With so many users, of which many are young, it comes as no surprise that some parents are concerned about the safety of the app through public interactions. Rightfully so, as according to CBS, some rather dangerous organizations have used the app for propaganda such as ISIS, a radical terrorist state based in the middle east. ISIS posted videos of them beheading people, as well as torture and other unsavory acts. Although the 24 terrorist accounts were promptly banned, it raised questions on the safety of the app for younger audiences.

“Tik Tok” is owned by the Chinese company ByteDance. This was worrisome for both the U.S. and UK governments as they believe that ByteDance is sharing teenagers’ data with the Chinese government. If the investigations find anything, the result could be a regional ban in either country, resulting in millions of lost users for “Tik Tok.” In addition to these investigations, “Tik Tok” got fined $5.7 million by the Federal Trade Commission for breaking child privacy rights.

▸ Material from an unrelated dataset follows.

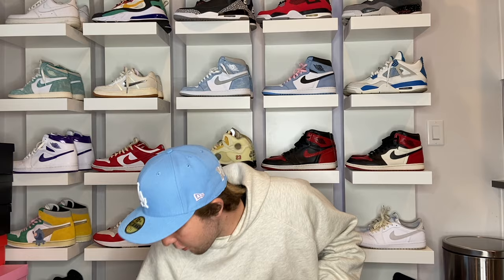Next item under a hundred is Funko Pops — they're like little action figure type things. A lot of people collect them. I'm not a collector, I just have the Michael Jordan ones because they look cool with Jordan sneakers. You can get Funko Pops at Walmart, Target, the mall — literally anywhere. Retail they're like ten or fifteen dollars. If you can't get them at retail, online they're probably fifteen to twenty-five dollars.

In order for “Tik Tok” to operate in China, ByteDance needs to follow China’s strict censorship policy. However, this also includes censoring the Hong Kong protests, a humanitarian effort in China against an unjust government. These issues raise the question of whether or not apps should be able to censor what they want. Junior Ryan Garcia says, “Yes, if it keeps the public safe.” Although some acts respect this, there are many who will abuse their power to censor for personal gain. This practice is against a fundamental human right, the right to freedom of speech.

It is no secret that the apps you use, and the things that you lookup are no secret. Companies will sell this data to other companies all the time. Everything you do online is logged and often sold (Chorn). Senior Adrian Boskovic said that selling data is “just kind of a part of the internet.” Most people do not give much thought to the large dossiers that companies hold on people, or the fact that major companies can know so much about you without ever having to meet you. “It is a little inquisitive,” said freshman Sarah Klinger, when discussing the dossiers. “Tik Tok,” of course, is no different. They still sell others data, and that is not so much the part that is the subject of the investigations. It is instead the fact that they are selling the data to foreign governments, allowing them to learn more about the country and how it works.

All of these issues beg the question, in the future, will anything be private? As we are developing as a species, we are becoming more and more reliant on technology. That technology is, of course, being constantly monitored and that data is being sold to other companies for marketing purposes. Privacy is slowly becoming obsolete as companies use people’s private data to help people live more personable, comfortable lives. Sophomore Seth Anderson chose “comfortability” when asked which of the two he preferred. However, he was still not entirely comfortable with the idea of his data being shared.